Doctor Who Season 9 Episodes 7-9

Episode 7: The Zygon Invasion
In the aftermath of the previous Zygon attack on Earth, some of the humans allowed 20 million Zygons to remain on earth, disguised has humans. The Doctor receives a warning from Osgood that something called the Nightmare Scenario has happened. The Doctor works out that there must be a couple of Zygons that want to invade earth. As President of the World, he goes to Turmezistan, where Osgood is being held hostage, to try and stop them. Clara joins Jac to investigate problems with lifts which leads to the realisation that they lead to a secret Zygon command centre. Clara reveals herself to be a disguised Zygon called Bonnie, who had switched places with the real Clara, and kills Jac, while Kate Stewart is attacked by a Zygon while investigating in New Mexico. The Doctor rescued Osgood from where she was being held captive and heads back to London but Bonnie fires a missile that shoots down the plane.

These episodes are good because it brings back the characters like Osgood, some of which are from the Matt Smith seasons, like Osgood still wears a bowtie like Matt Smith did. It was like bringing back all the old Doctor Who episodes for like a reminder of what it used to be like and how its changed. Episode 7 and 8 are very good, fun, exciting episodes and I personally really like them.

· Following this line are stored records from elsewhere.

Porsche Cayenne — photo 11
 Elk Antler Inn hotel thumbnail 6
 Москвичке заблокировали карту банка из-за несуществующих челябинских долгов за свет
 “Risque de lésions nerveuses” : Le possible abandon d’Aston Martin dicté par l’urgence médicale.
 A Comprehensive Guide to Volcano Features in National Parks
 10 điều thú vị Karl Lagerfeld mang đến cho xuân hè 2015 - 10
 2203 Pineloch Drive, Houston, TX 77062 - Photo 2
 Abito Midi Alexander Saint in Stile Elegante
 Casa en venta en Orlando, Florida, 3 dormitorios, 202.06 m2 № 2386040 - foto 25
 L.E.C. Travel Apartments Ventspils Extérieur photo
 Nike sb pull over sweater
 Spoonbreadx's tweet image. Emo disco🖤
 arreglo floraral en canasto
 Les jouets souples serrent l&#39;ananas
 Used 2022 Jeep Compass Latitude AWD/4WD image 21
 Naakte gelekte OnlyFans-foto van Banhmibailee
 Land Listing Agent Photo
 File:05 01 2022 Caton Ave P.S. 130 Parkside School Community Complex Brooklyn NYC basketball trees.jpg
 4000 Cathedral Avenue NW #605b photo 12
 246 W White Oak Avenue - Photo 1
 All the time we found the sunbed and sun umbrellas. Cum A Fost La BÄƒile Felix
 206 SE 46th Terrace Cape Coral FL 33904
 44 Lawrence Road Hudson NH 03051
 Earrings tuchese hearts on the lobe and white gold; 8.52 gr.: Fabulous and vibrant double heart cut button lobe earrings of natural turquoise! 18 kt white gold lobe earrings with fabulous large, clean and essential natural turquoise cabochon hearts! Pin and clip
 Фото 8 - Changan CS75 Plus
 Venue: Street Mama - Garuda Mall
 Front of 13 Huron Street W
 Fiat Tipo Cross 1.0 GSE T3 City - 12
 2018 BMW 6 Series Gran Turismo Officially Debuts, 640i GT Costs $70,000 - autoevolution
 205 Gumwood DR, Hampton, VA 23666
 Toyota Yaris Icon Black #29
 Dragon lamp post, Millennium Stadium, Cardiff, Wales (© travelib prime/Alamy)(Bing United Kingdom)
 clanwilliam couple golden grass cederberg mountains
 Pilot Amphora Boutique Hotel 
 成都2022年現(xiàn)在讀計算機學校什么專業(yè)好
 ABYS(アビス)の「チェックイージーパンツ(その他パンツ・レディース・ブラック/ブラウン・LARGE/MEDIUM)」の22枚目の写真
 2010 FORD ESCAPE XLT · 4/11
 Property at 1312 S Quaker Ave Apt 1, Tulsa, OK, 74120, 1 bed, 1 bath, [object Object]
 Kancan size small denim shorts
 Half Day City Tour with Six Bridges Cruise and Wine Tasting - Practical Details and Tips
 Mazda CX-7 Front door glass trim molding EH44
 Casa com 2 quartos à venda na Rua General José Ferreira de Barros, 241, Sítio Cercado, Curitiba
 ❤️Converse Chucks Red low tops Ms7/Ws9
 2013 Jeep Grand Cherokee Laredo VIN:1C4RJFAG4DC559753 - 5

Episode 8: The Zygon Inversion
The Doctor and Osgood survive the plane crash. Bonnie could tell if Clara was lying or not, and found out that the Osgood box, which says what to do to fix Zygon-Human conflict, is held in the UNIT’s Black Archives. Clara is able to break through Bonnie’s thoughts and got control. She told The Doctor where Bonnie is. Kate joins The Doctor and Osgood, telling them that she is pretending to be a Zygon to get information from Bonnie. They arrived at the Black Archives, where Bonnie is holding Clara hostage and has found two Osgood boxes, one that can remove all Zygon disguises and the other can release gas to kill all of the Zygons. When Bonnie and Kate get ready to activate their boxes, The Doctor managed to convince them not to do it. Bonnie realised that the boxes are empty as a ploy but agrees to peace anyway. The Doctor invited Osgood to join him and Clara in the TARDIS, but she says no because both her and Bonnie have decided to look after the Osgood boxes and keeping the peace between human and Zygon.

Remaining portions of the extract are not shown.